WHAT THIS TASK INVOLVES: Copy all the entries word for word, but omit the pictures.

Records from a data collection:
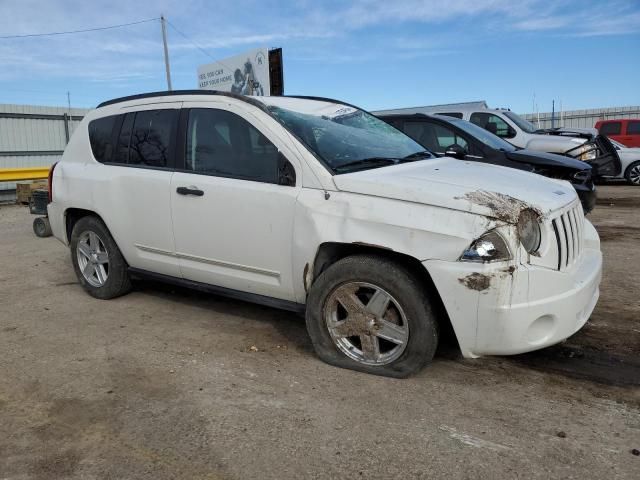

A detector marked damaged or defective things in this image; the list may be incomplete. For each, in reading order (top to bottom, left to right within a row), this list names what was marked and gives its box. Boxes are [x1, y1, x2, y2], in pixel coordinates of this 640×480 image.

crumpled hood [332, 159, 576, 223]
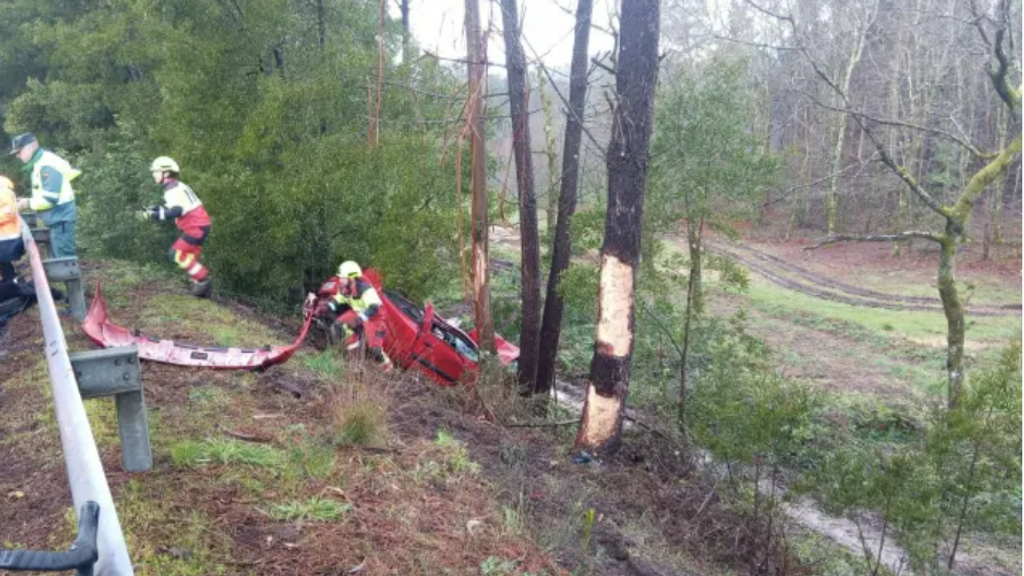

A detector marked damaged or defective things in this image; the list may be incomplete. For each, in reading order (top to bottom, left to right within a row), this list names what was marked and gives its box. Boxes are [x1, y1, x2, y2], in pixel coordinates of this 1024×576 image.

crashed red car [305, 270, 516, 385]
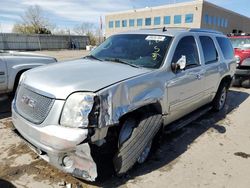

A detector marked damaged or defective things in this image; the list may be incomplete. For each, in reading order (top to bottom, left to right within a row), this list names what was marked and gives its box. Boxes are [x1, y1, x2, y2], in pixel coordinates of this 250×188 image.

crumpled hood [22, 58, 149, 100]
broken headlight [60, 93, 94, 129]
damaged front bumper [12, 104, 97, 181]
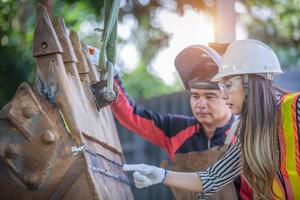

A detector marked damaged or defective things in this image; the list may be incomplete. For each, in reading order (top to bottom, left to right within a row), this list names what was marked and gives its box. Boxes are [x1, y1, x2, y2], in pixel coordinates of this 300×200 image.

rusty excavator bucket [0, 3, 132, 199]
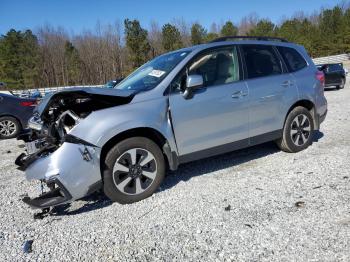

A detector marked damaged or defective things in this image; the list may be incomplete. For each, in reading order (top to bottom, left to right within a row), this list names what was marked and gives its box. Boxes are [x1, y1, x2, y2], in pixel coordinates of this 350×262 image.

damaged front end [17, 88, 136, 209]
crumpled hood [34, 87, 138, 117]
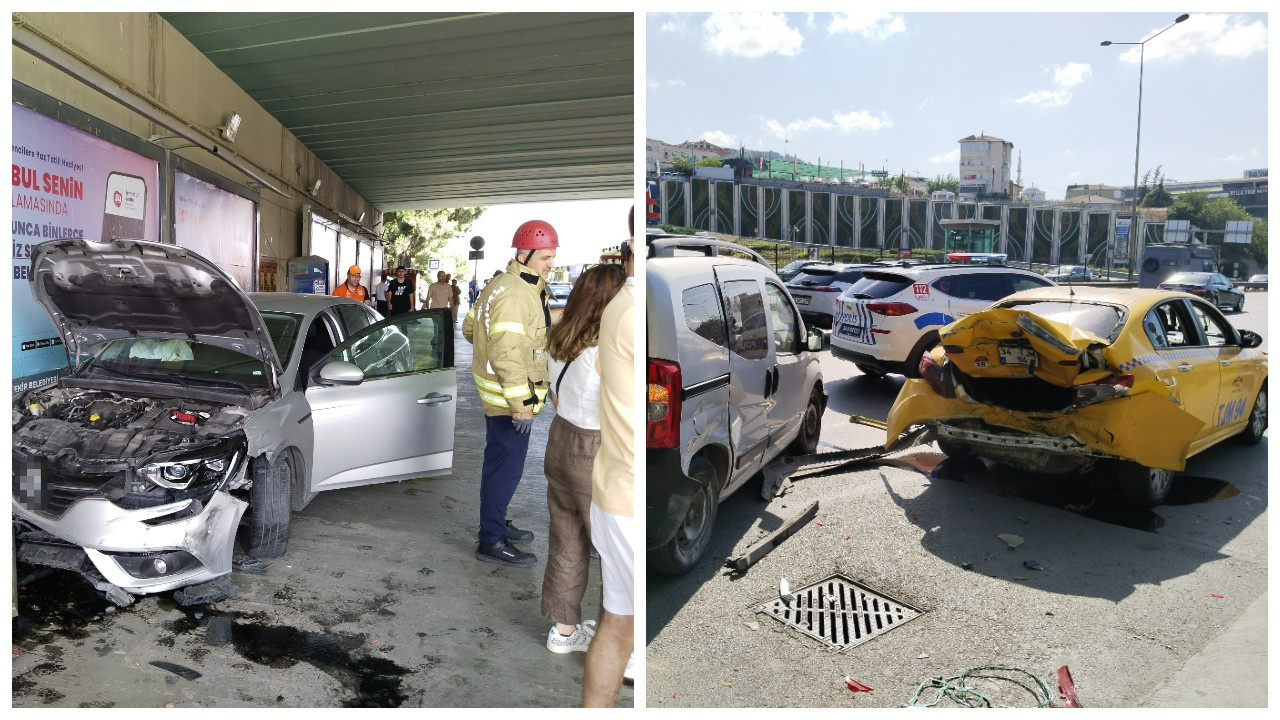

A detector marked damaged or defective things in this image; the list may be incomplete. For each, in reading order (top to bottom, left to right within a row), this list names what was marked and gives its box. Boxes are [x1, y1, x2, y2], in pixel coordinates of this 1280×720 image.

ANSWER SECTION:
A detector marked damaged or defective things in this image; the list may be incomplete. For each, in reading order (top to bottom, left to right within a row), this list names what was marked and gives its box. Boxes are [x1, y1, x2, y2], in pixel coordinates of this 640×480 image.

crumpled hood [332, 159, 576, 223]

A detector marked damaged or defective things in this image; the list may be incomplete. For each, in reading order (top to bottom, left to right within a row), this list names what was marked and gives its box. Boxes are [x1, y1, x2, y2], in pixel coordinates of this 1024×576 image.

crashed red car [305, 270, 516, 385]

A detector marked damaged or defective things in this image; the list may be incomplete. For each, in reading order (top to bottom, left to right within a row), this list names what was marked and gives its box. Boxes are [x1, y1, x2, y2], in pixel coordinates of this 250×188 image.

crumpled hood [22, 58, 149, 100]
broken headlight [60, 93, 94, 129]
damaged front bumper [12, 104, 97, 181]

A detector marked damaged or defective things in this image; the list may be incomplete. For each, in reading order (top to bottom, left to right within a row), this list names what was marked and gives its box. Boxes are [x1, y1, x2, y2], in pixel coordinates of this 300×200 image.

rusty excavator bucket [0, 3, 132, 199]

A detector marked damaged or defective things in this image; the list may be incomplete. For each, in reading order (top to bottom, left to right within a row), this list names what was marked and gives its box. Boxes are [x1, y1, x2, y2], in pixel coordinates of this 350×262 image.

damaged front end [17, 88, 136, 209]
crumpled hood [34, 87, 138, 117]

A detector marked damaged or defective things in this image; the list may be incomplete. For each, in reading order (top to bottom, left to right within a row), this list names what was marked and gives its box. Boxes are [x1, y1, x2, y2], in pixel coordinates of this 1280×720 image.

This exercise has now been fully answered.